Yesterday, June 12, 2017, the U.S. Supreme Court surprisingly
granted cert to hear the Oil States Energy Services v. Green’s Energy Group’s case (Notably, a Rule 36 affirmance by the Federal Circuit which means there is
not an opinion—the Federal Circuit is just affirming without giving reasons.). The U.S. Supreme Court has limited its review
to one question: “Whether inter partes review, an adversarial process used by
the Patent and Trademark Office (PTO) to analyze the validity of existing
patents, violates the Constitution by extinguishing private property rights
through a non-Article III forum without a jury.” Could this case completely wipe out inter
partes review proceedings (IPRs)? That
is certainly the hope of some. Notably,
the U.S. Supreme Court refused cert to hear the MCM Portfolio v. HP case in
2016 which raised a very similar issue. As
stated by Judge Dyk in the below Federal Circuit opinion: “On the merits, we
reject MCM’s argument that inter partes review violates Article III and the
Seventh Amendment, and we affirm the Board’s decision that claims 7, 11, 19,
and 21 of the ’549 patent would have been obvious over the prior art.”

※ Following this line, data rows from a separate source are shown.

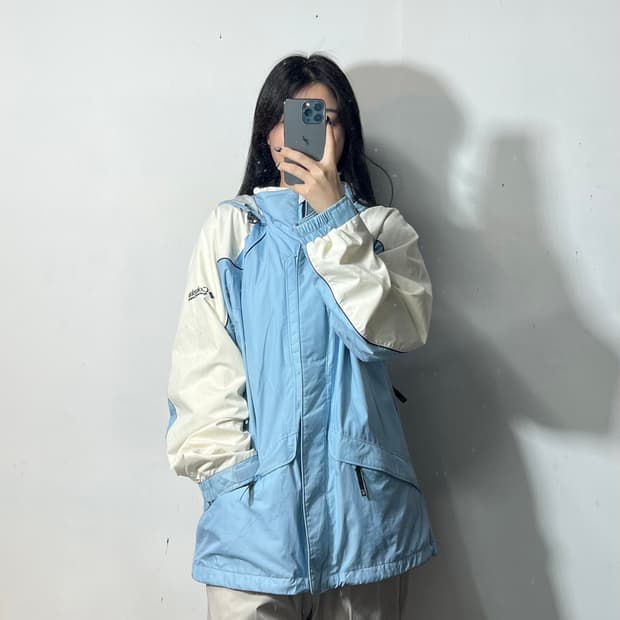 콜롬비아 대장급 화이트 배색 바람막이 L 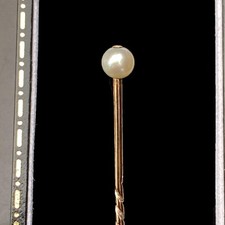 Edwardian 15ct, 15k, 625 Rose Gold, Pearl Stick, tie, cravat, stock, lapel pin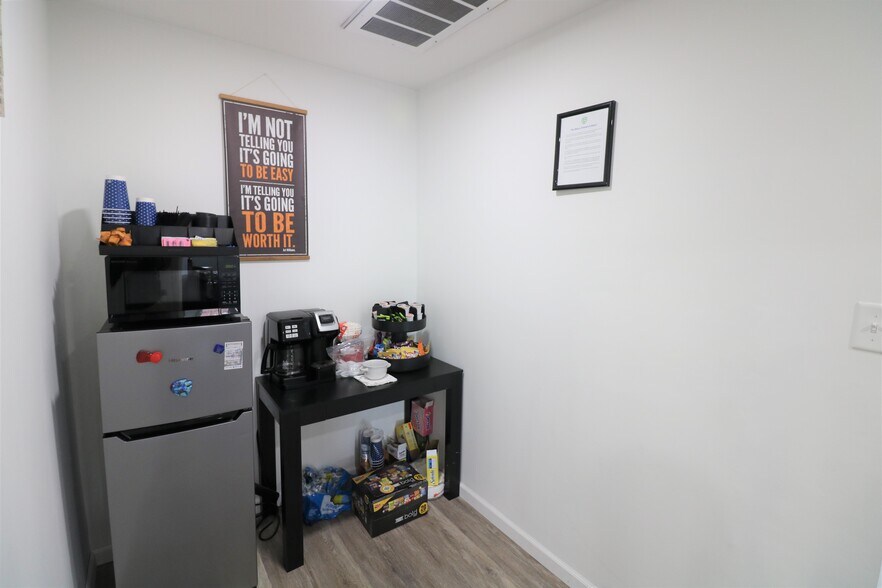 More Photos Of 1010-1090 N Market St, Troy Medical For Lease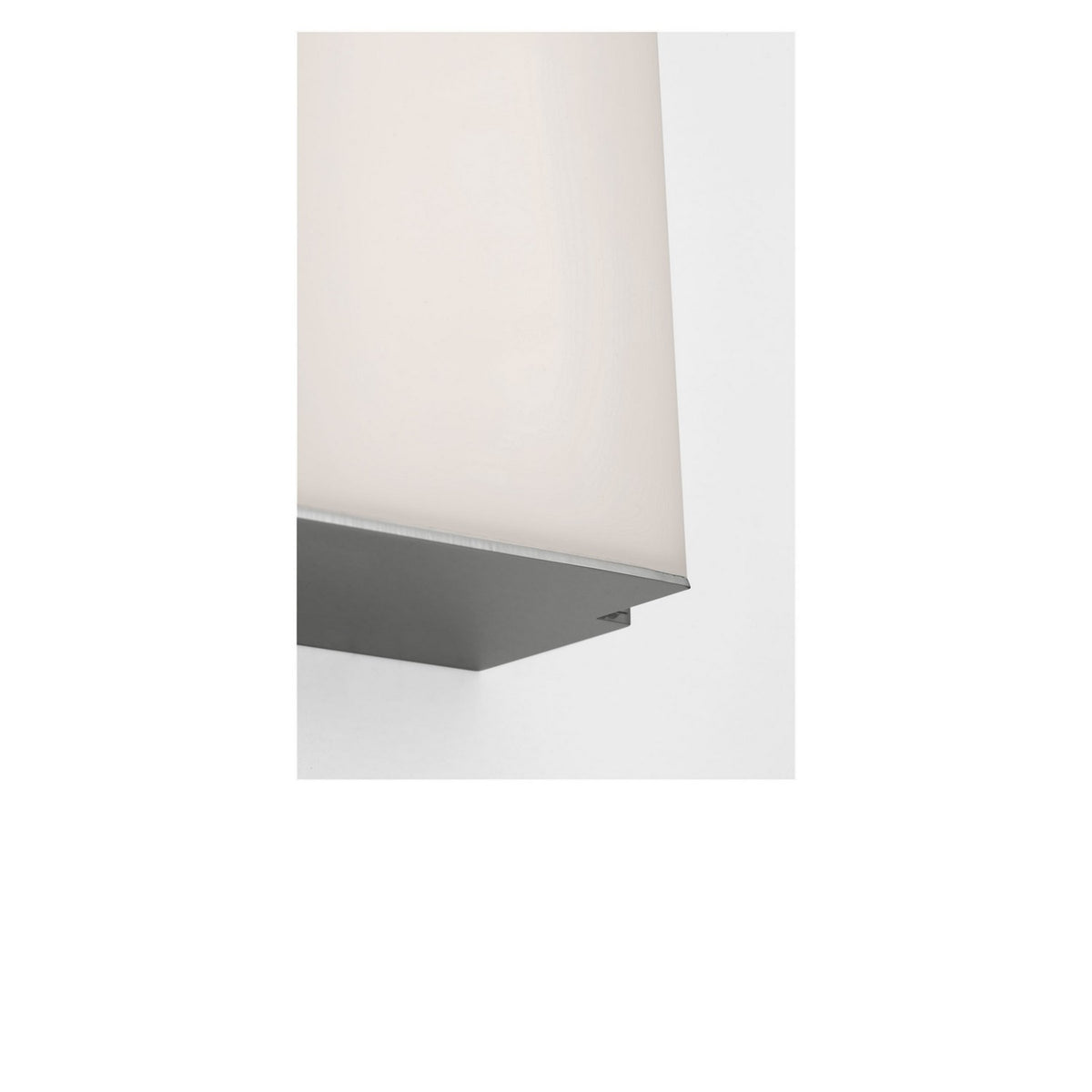 Panna 18 Led Vanity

Notably, that particular case was graced with several amicus
briefs, including by 13 law professors, the Houston Inventors Association and
the University of New Mexico. The conservative Heritage Foundation has a piece discussing the importance of the MCM Porfolio
case and a call for congressional action on IPRs after the U.S. Supreme Court
denied cert in 2016. Part of the attack
on IPRs includes the argument by the University of New Mexico that it
essentially devalues university patent rights.

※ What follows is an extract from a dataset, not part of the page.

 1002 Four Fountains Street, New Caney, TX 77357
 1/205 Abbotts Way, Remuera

The amicus brief by 13 law professors, led by Professor Adam Mossoff,
specifically confronts the question of whether patent rights are public rights
or private rights:
By resting its decision on the premise that “patent rights
are public rights,” MCM Portfolio LLC, 812 F.3d at 1293, the Federal Circuit
directly contradicts these numerous, longstanding, and binding decisions of
this Court. Furthermore, the two primary administrative law cases relied on by
the Federal Circuit, see id. at 1292–93, are inapplicable in determining
whether the PTAB is respecting vested property rights secured under the
separation of powers doctrine and under other substantive constitutional
provisions, such as the Due Process Clause of the Fifth Amendment or the Seventh
Amendment. These two modern cases address solely creatures of modern
administrative statutes—procedural entitlements solely created in and
adjudicated by modern regulatory regimes. See, e.g., Atlas Roofing Co. v.
Occupational Safety & Health Review Comm’n, 430 U.S. 442, 455–56 (1977)

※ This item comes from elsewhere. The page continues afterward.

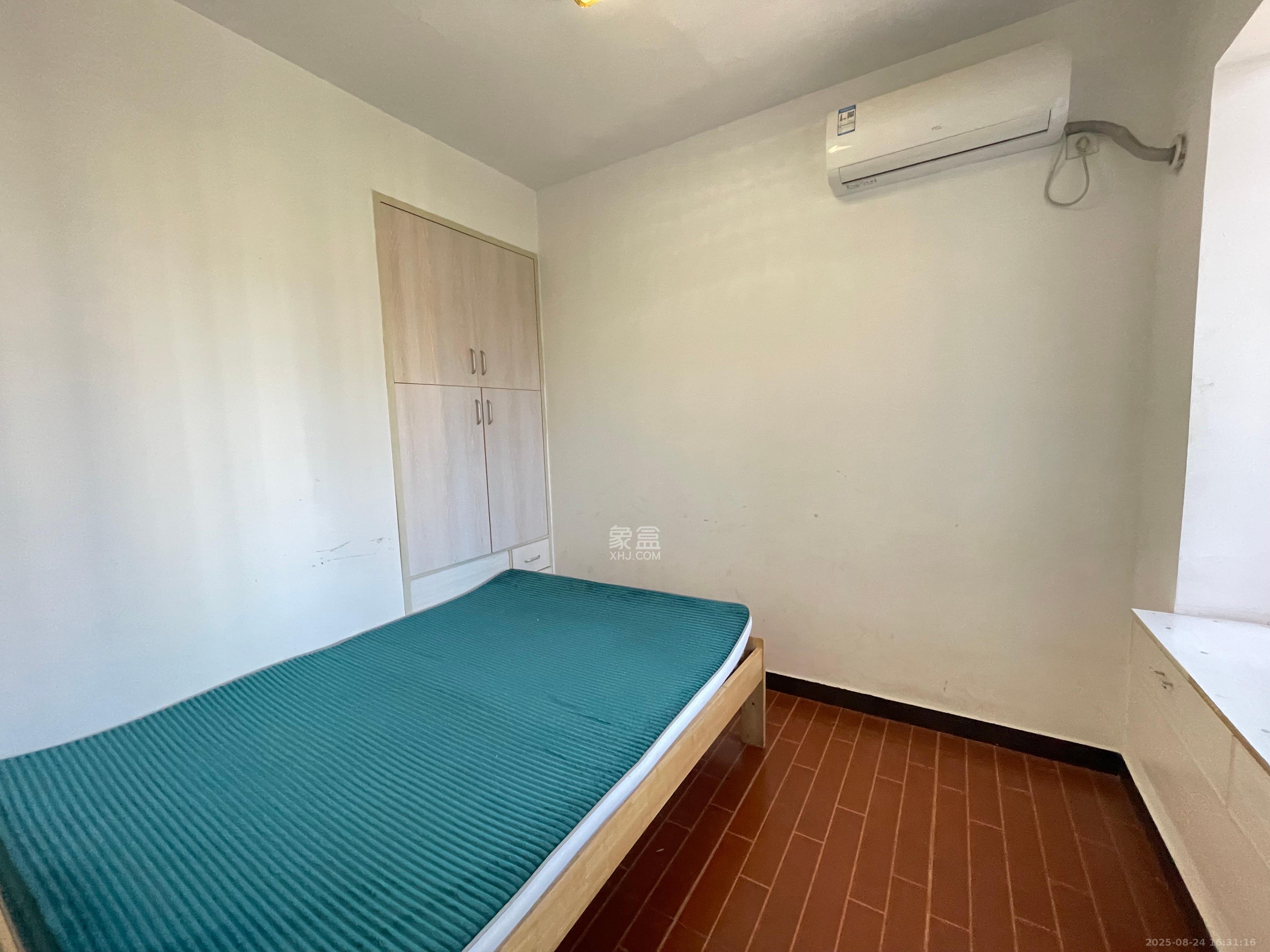 紫御江山  2室1厅1卫    1800.0元/月室内图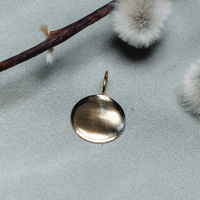 Alice berlock, 18k gult guld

(addressing procedural rights within the administrative regime created by the
Occupational Safety and Health Act of 1970); Tull v. United States, 481 U.S.
412, 425–27 (1986) (addressing procedural rights within administrative regime
created by the Clean Water Act of 1972). Decisions by this Court addressing
modern regulatory procedural entitlements are distinct from the
constitutionally protected private property rights in patents long recognized
by this Court and by Circuit Courts for over two hundred years. This Court
recently and repeatedly confirmed the principle that patents are private
property rights that are secured under the Constitution. See, e.g., - 10 -
Horne, 135 S. Ct. at 2427; Fla. Prepaid, 527 U.S. at 642. This Court also
warned the Federal Circuit in Festo Corp. v. Shoketsu Kinzoku Kogyo Kabushiki
Co., 535 U.S. 722, 739 (2002), that it must respect “the legitimate
expectations of inventors in their property” and not radically unseat such
expectations by changing doctrines that have long existed since the nineteenth
century. Moreover, Chief Justice John Roberts specifically stated in eBay Inc.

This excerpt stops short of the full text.